Tentata estorsione con metodo mafioso: quattro persone arrestate a Montecatini Terme
La vittima, un imprenditore originario della Toscana residente nel bolognese, titolare di un'azienda di logistica di trasporti
Nella mattinata di oggi, mercoledì 6 marzo, i finanzieri del comando provinciale di Bologna, unitamente agli uomini dello Scico (Servizio Centrale Investigazione Criminalità Organizzata), con il supporto dei militari in forza ai comandi provinciali di Firenze, Pistoia, Napoli e Salerno, hanno dato esecuzione – come sviluppo di complesse indagini dirette dal dottor Roberto Ceroni della Dda, Direzione Distrettuale Antimafia della Procura della Repubblica di Bologna, con il coordinamento della Procura Nazionale Antimafia e Antiterrorismo – ad un’ordinanza di custodia cautelare in carcere, emessa dal gip del tribunale felsineo, nei confronti di 4 personaggi indiziati della commissione, in concorso tra loro, del reato di tentata estorsione aggravata dal “metodo mafioso”.

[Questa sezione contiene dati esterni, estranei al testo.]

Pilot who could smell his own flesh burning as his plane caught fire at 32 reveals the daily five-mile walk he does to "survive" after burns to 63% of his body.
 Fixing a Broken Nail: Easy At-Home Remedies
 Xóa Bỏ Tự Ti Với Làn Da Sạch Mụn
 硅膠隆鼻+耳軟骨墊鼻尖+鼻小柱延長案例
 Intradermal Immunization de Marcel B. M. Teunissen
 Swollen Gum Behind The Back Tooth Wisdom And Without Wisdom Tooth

Tutti e quattro, originari della Campania (tre della provincia di Napoli, uno di Salerno), sono stati rintracciati e arrestati a Montecatini Terme, dove sono anche state fatte perquisizioni. Tutti sono risultati appartenenti alla criminalità organizzata di stampo camorristico.
Vittima un imprenditore toscano ma residente da anni nel bolognese, titolare di un’azienda di logistica di trasporti a Castel Maggiore. L’uomo aveva ricevuto una proposta commerciale rivolta però con il classico metodo mafioso: minacce dirette, anche ai famigliari.
L’ attività investigativa è partita da un’autonoma attività, svolta dagli specialisti del Gruppo Investigazione Criminalità Organizzata, del Nucleo polizia economico finanziaria di Bologna, per la prevenzione/repressione dei tentativi di infiltrazione mafiosa nel tessuto economico legale. Le indagini hanno consentito di ricostruire, nei particolari, l’episodio di tentata estorsione nei confronti dell’imprenditore bolognese. Gli indagati gli avrebbero “proposto” la cessione, a titolo oneroso, di crediti d’imposta fittizi: l’imprenditore/vittima avrebbe dovuto acquistare da una società nella piena disponibilità degli indagati un credito Iva di circa 4,8 milioni di euro.
La “proposta commerciale” sarebbe stata avanzata avvalendosi del “metodo mafioso”, ovvero in virtù di una forza di intimidazione tale da generare una condizione di grave assoggettamento e omertà attraverso reiterate e gravi minacce dirette e ai suoi affetti. Gli approfondimenti di tipo economico-finanziario condotti nei confronti della società detentrice dei crediti, ha permesso di accertare altresì la natura fittizia degli stessi: questa, infatti, a fronte di un volume d’affari dichiarato di oltre 20 milioni di euro, ha emesso e ricevuto fatture per importi trascurabili maturando, invero, un debito Iva.